> _Instructions to follow_
Your copy begins at the line with "独特艾琳（Dear lrean） 北岛流光" and runs through the end of the data below. Set down only those lines exactly, without pictures.

> _Source information_
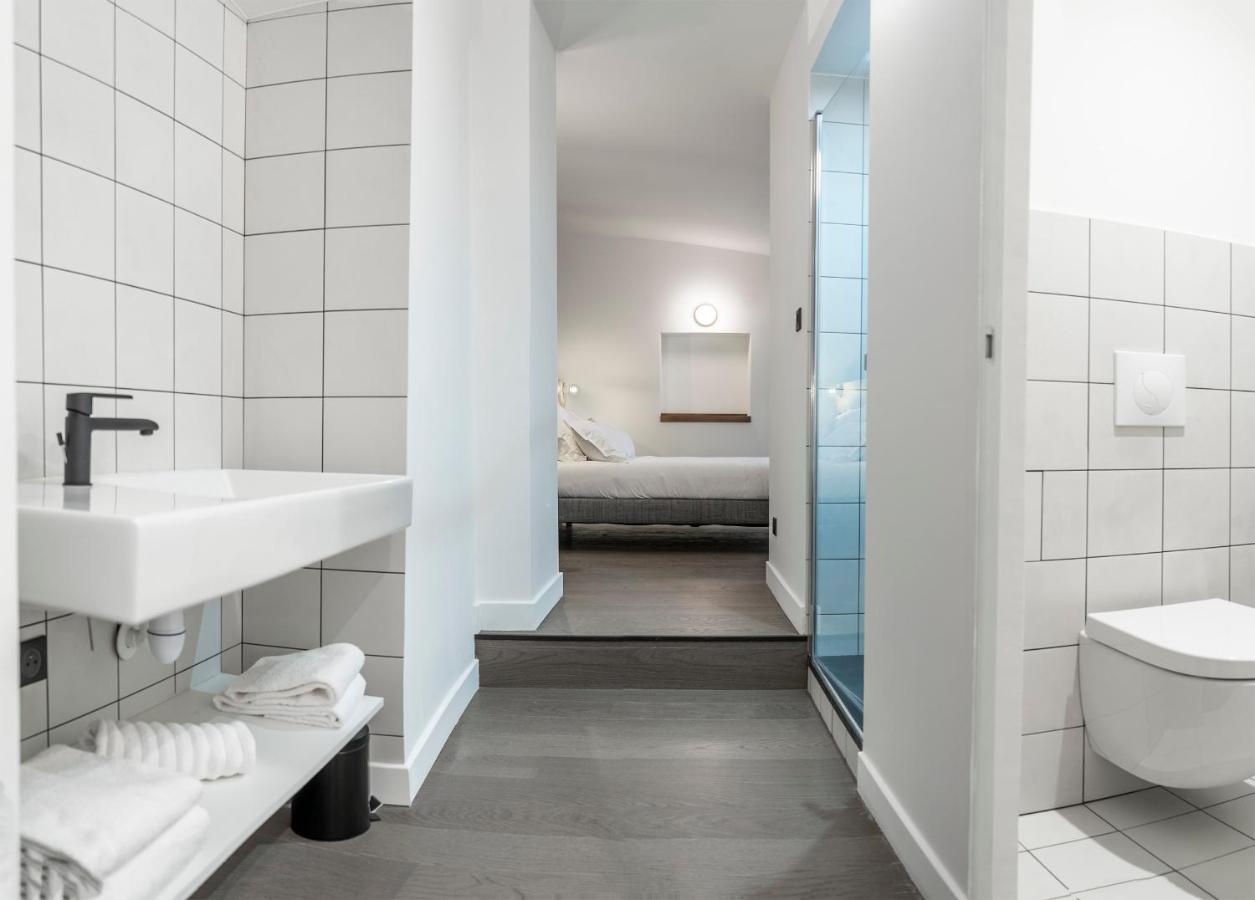 Monsieur Miot Concept Hotel - Bastia Centre Eksteriør bilde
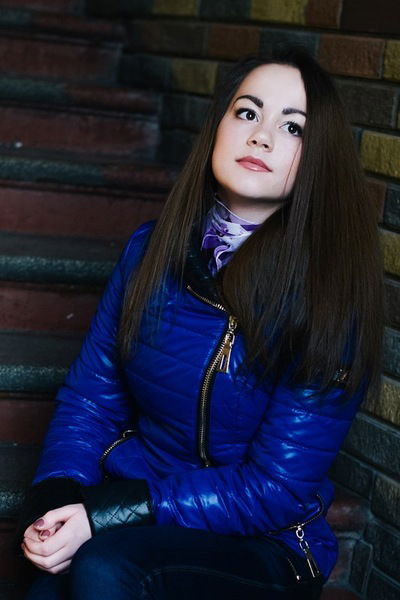 Яна Смицкая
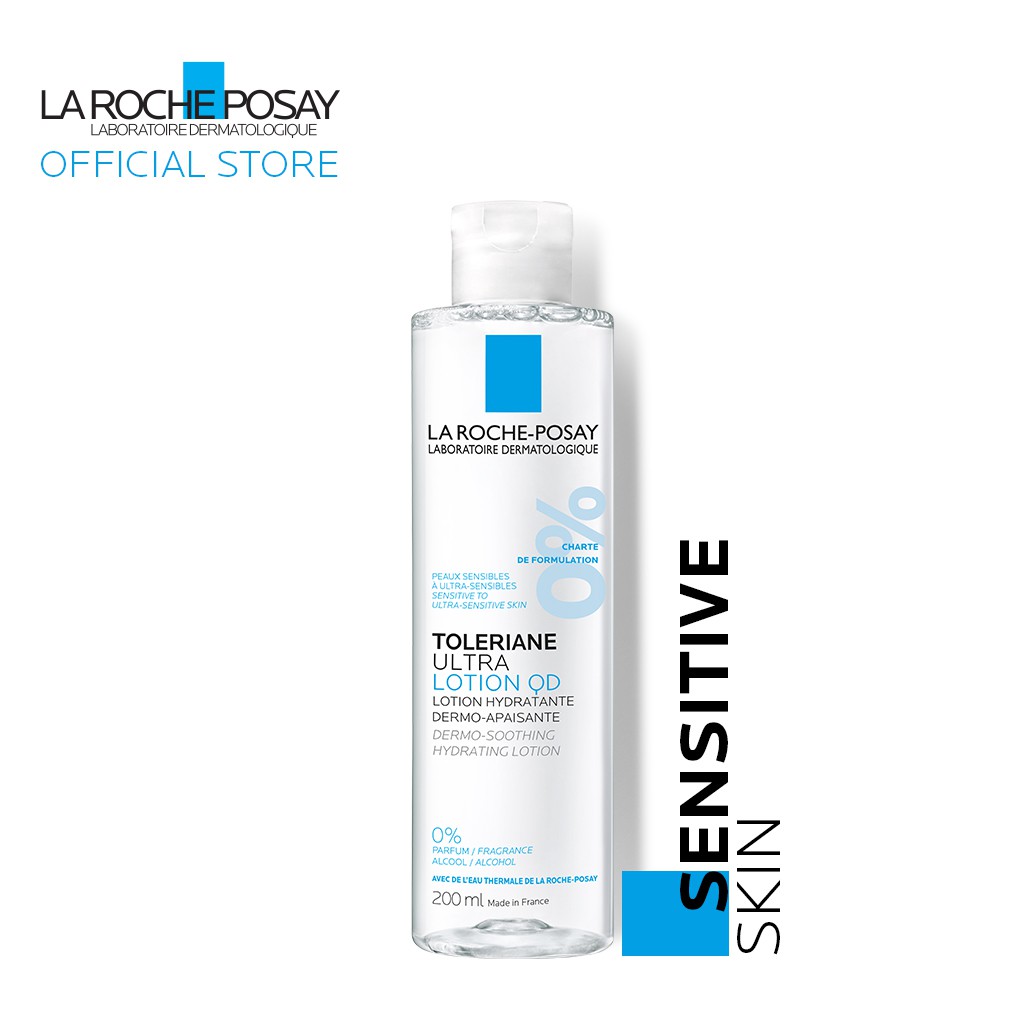 la roche posay toleriane hydrating lotion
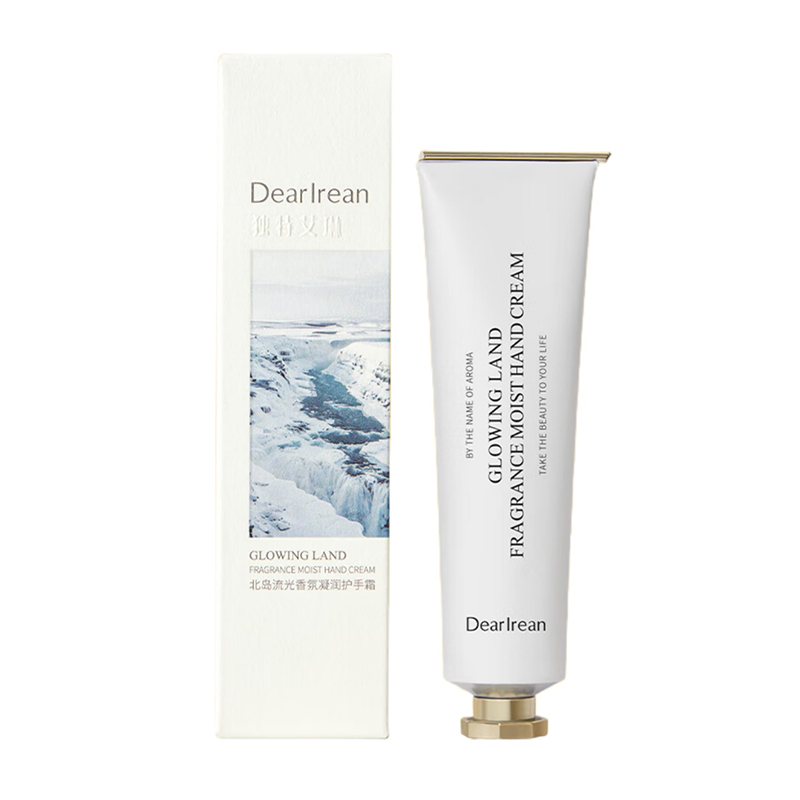 独特艾琳（Dear lrean） 北岛流光 香氛手护礼盒 35ml*1+10ml+挤压棒 （单位：组）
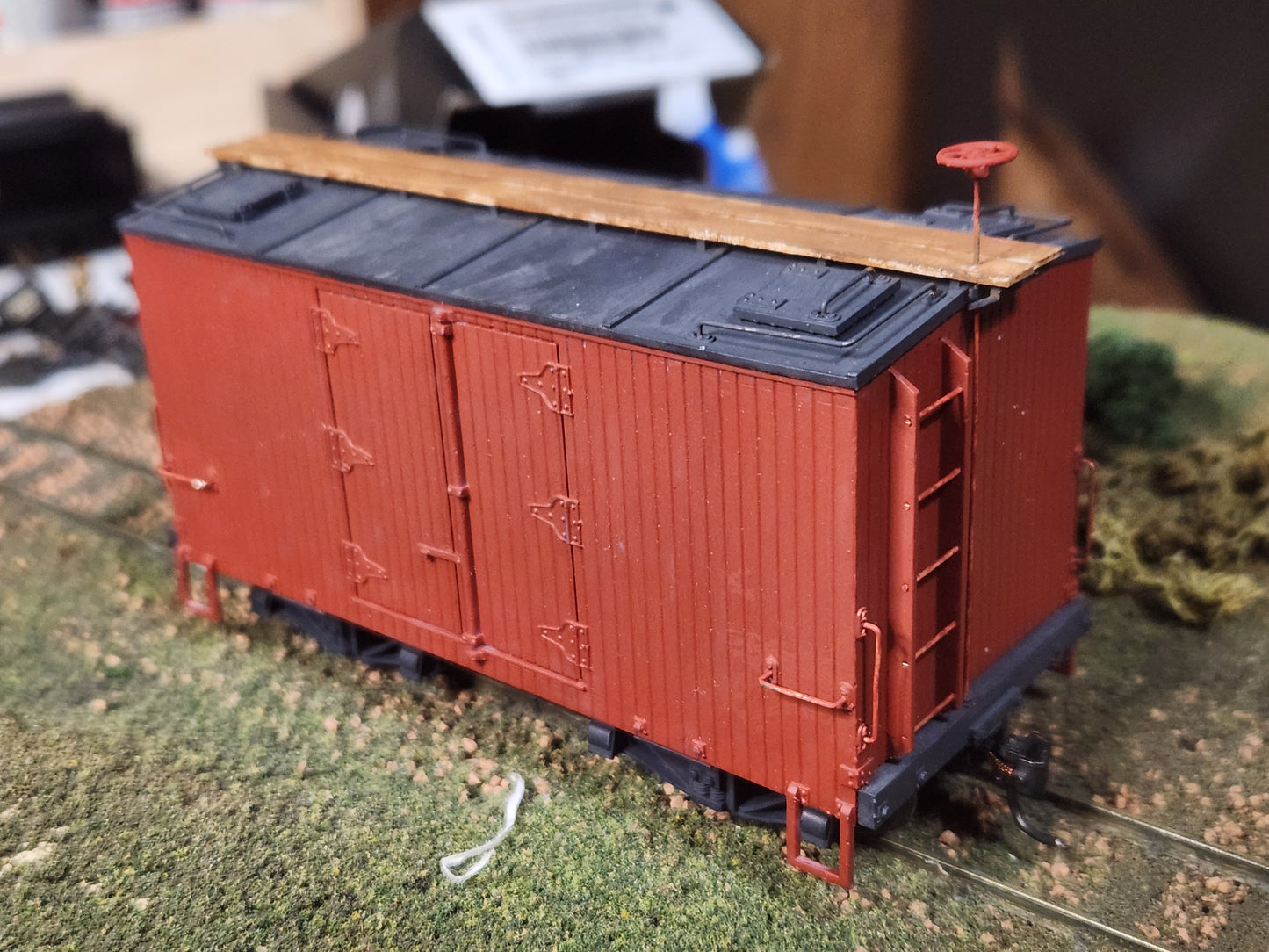 On30 3D Printed 16ft Short Beer Refer Kit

> _Expected output_
 独特艾琳（Dear lrean） 北岛流光 香氛手护礼盒 35ml*1+10ml+挤压棒 （单位：组）
 On30 3D Printed 16ft Short Beer Refer Kit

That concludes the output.